• Activity
Please begin with the line containing "Bathroom with whirlpool" and reproduce each line exactly until the records below end, without any pictures.
====== Records supplied
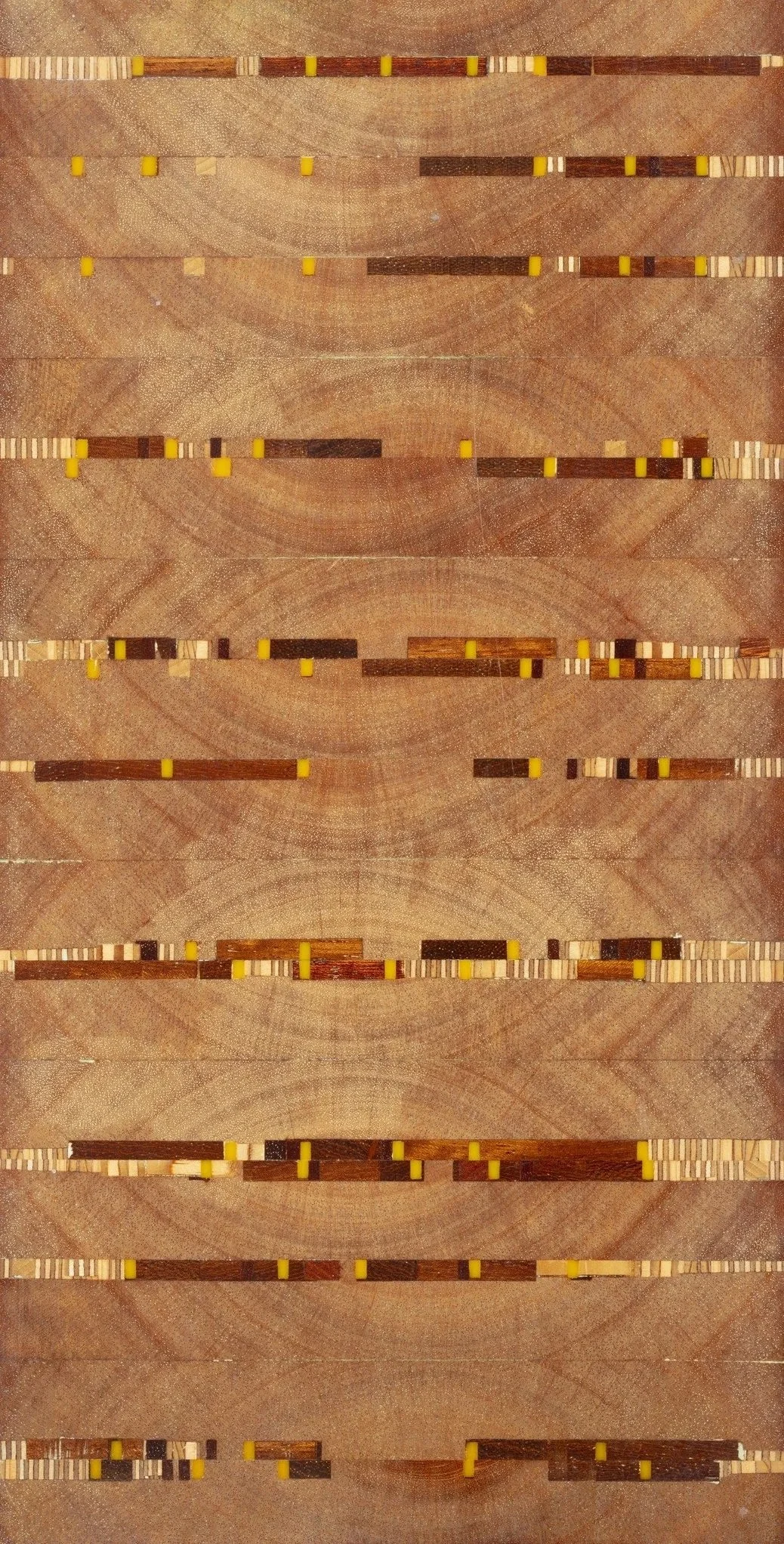 Close-up of wooden dominoes arranged in multiple horizontal lines on a wooden surface.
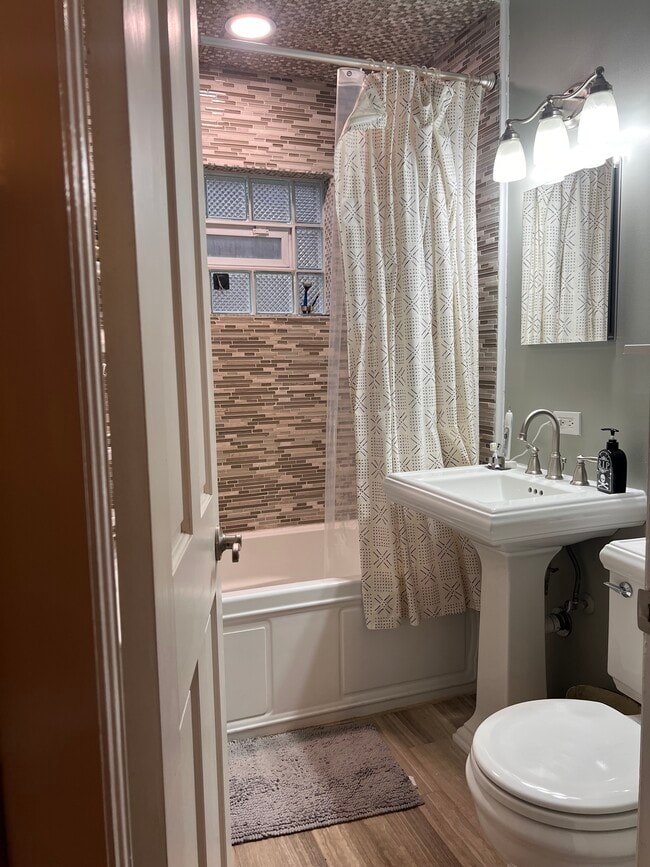 Bathroom with whirlpool tub and shower - 8041 Lake St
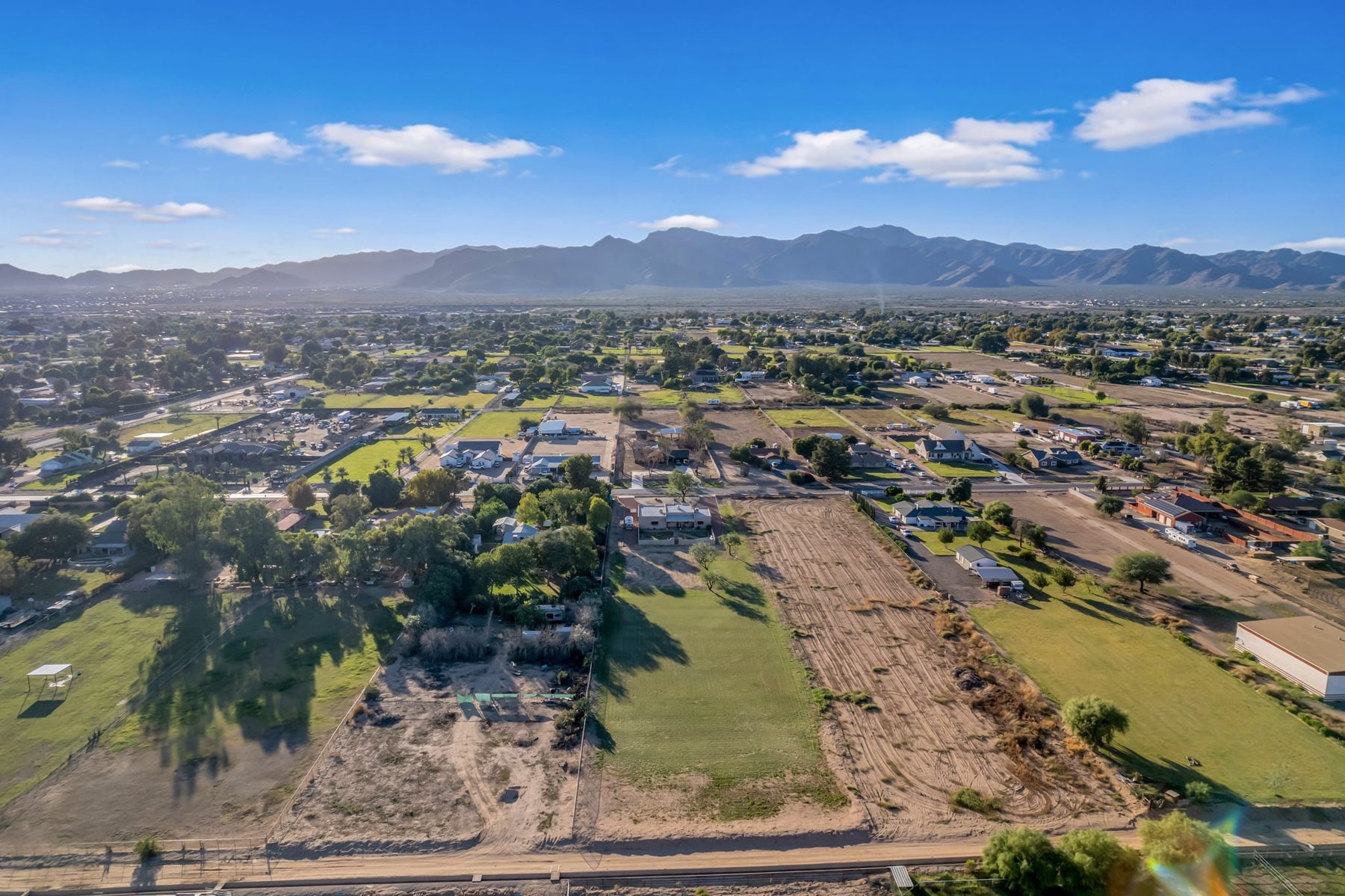 Aerial view of the lot and surrounding horse properties with mountains in the distance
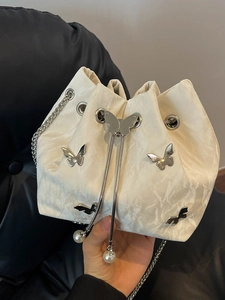 Elegant off-white bucket bag with silver butterfly charms and pearl chain strap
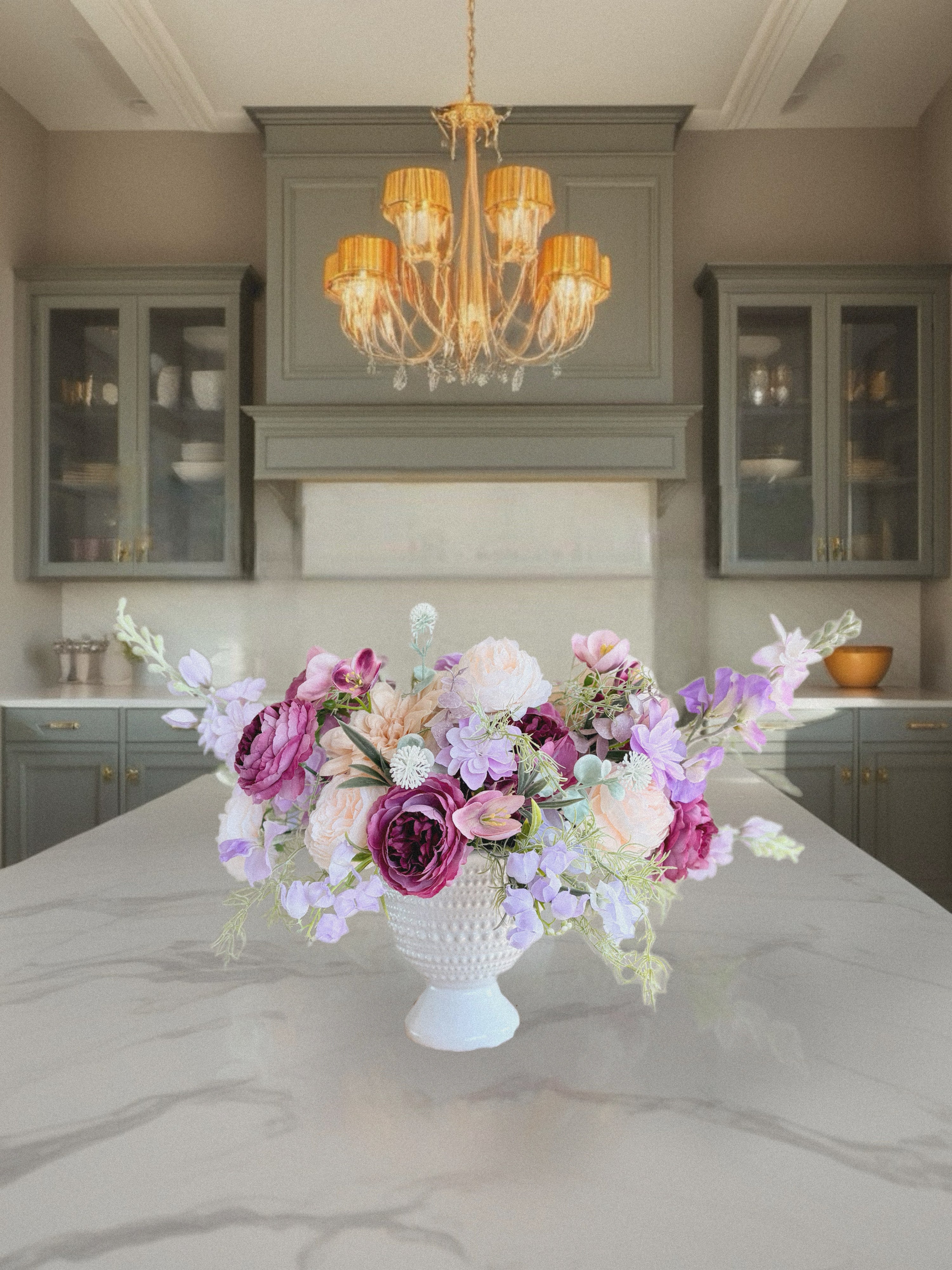 Floral arrangement in a white vase on a kitchen island with a chandelier above.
============
• Answer box
 Bathroom with whirlpool tub and shower - 8041 Lake St
 Aerial view of the lot and surrounding horse properties with mountains in the distance
 Elegant off-white bucket bag with silver butterfly charms and pearl chain strap
 Floral arrangement in a white vase on a kitchen island with a chandelier above.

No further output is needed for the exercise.